Data extracted from a collection:
---

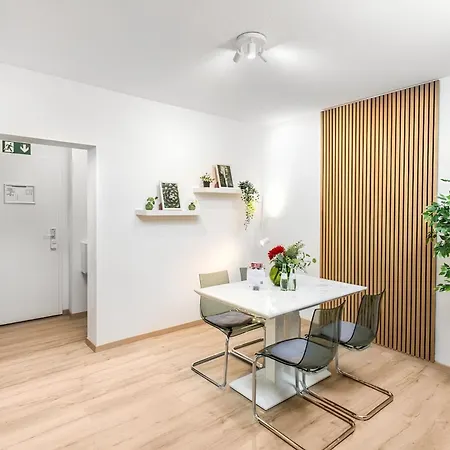 Apartment D Modernes 4 Personen Self Checkin Zentral Magdeburg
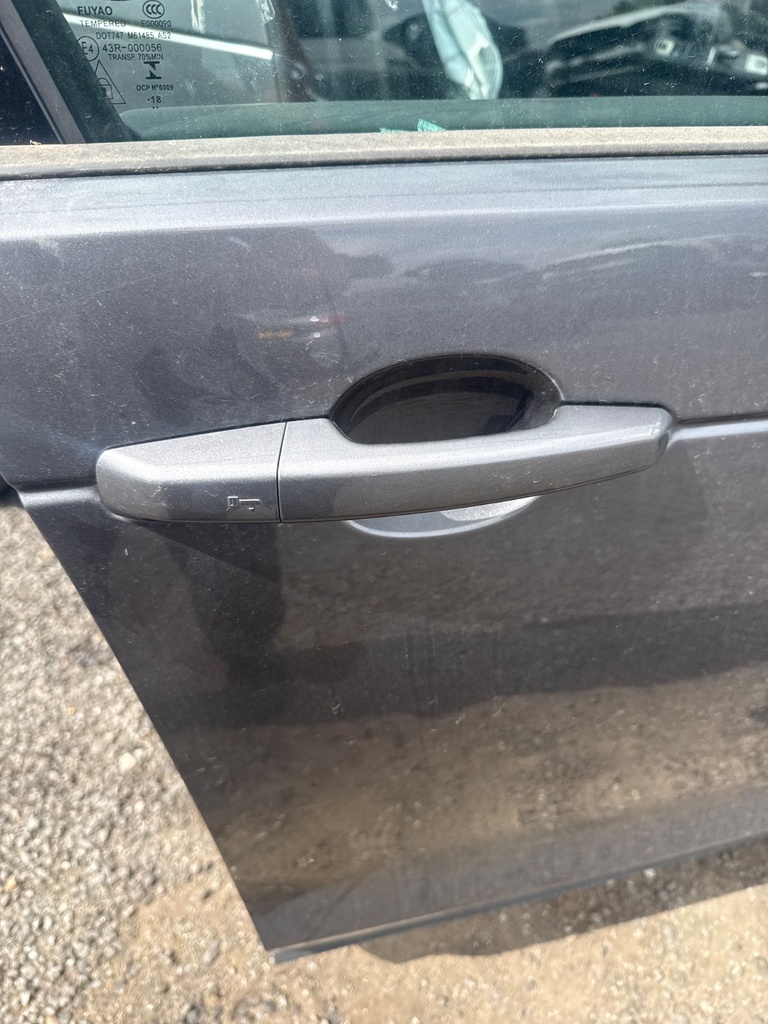 [EPE-118812] Tirador puerta delantera exterior derecho Land Rover Discovery 2019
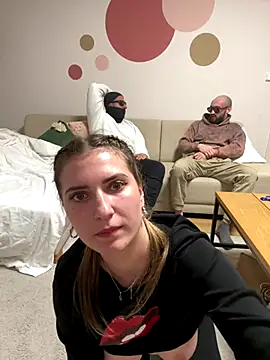 Snapshot of secretcrazy69 chatting on 3, 12, 2024 secretcrazy69 online show from 3, 12, 2024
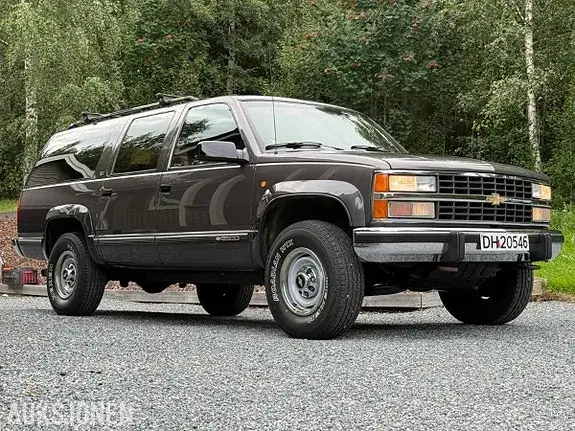 Chevrolet Suburban 1993 photo 3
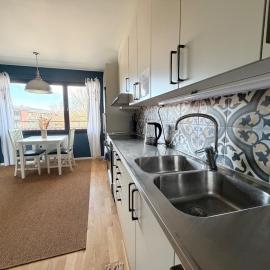 Lysekil Apartment Hotel: Lysekil şehrinde bir otel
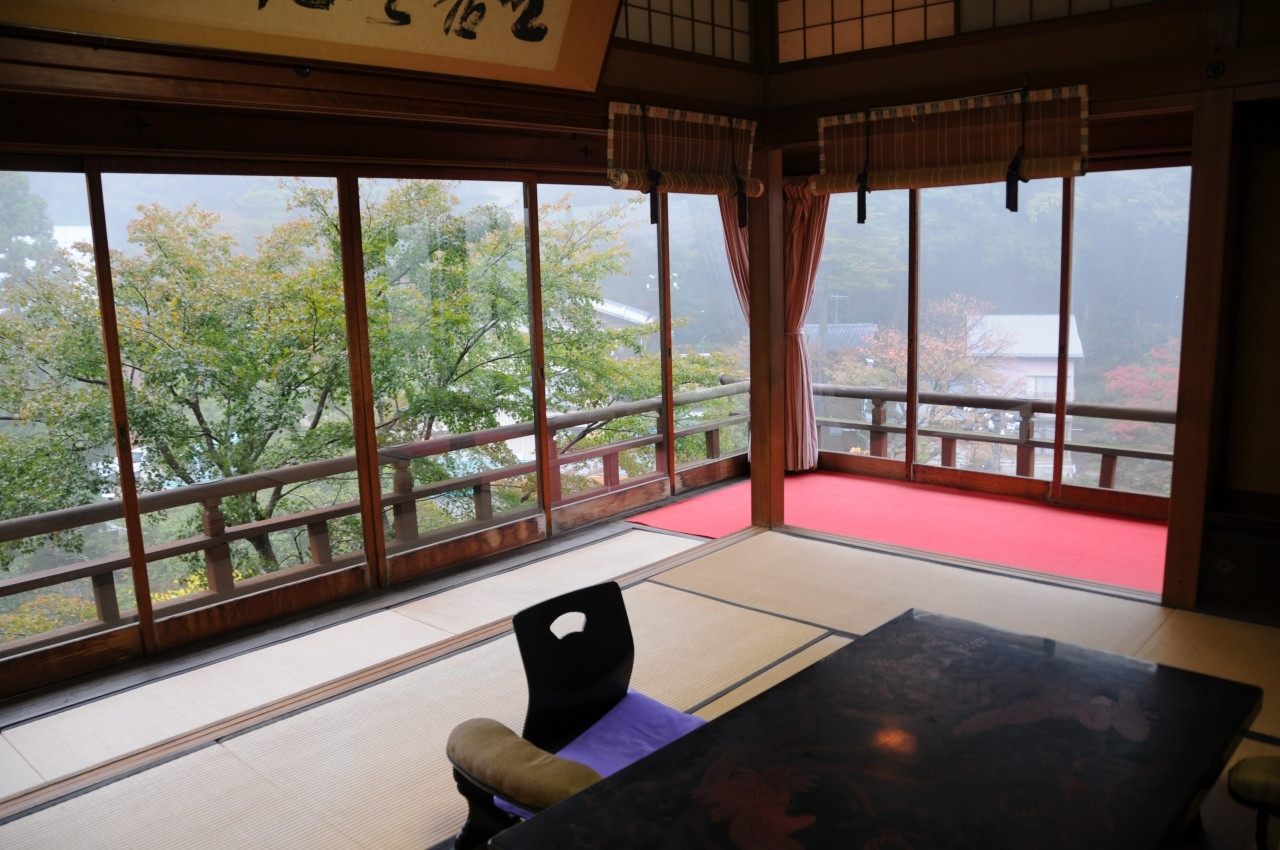 古き良き日本建築の味わいに陶酔3846230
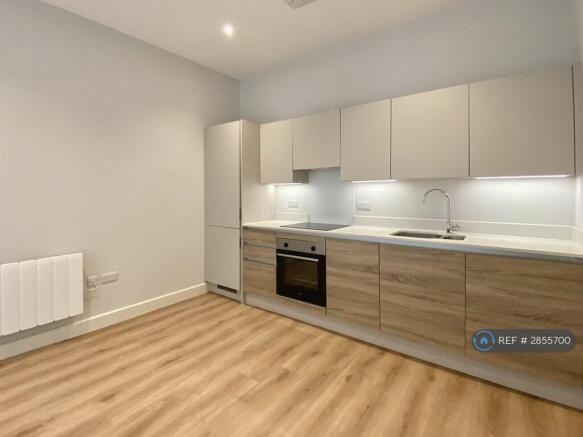 Kitchen (Fully Integrated Appliances)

---

> **Work request**
Find "Snapshot of secretcrazy69" in the entries, then reproduce that line and each line after it exactly, through the last one. Pictures do not go in.

> **Response to this exercise**
 Snapshot of secretcrazy69 chatting on 3, 12, 2024 secretcrazy69 online show from 3, 12, 2024
 Chevrolet Suburban 1993 photo 3
 Lysekil Apartment Hotel: Lysekil şehrinde bir otel
 古き良き日本建築の味わいに陶酔3846230
 Kitchen (Fully Integrated Appliances)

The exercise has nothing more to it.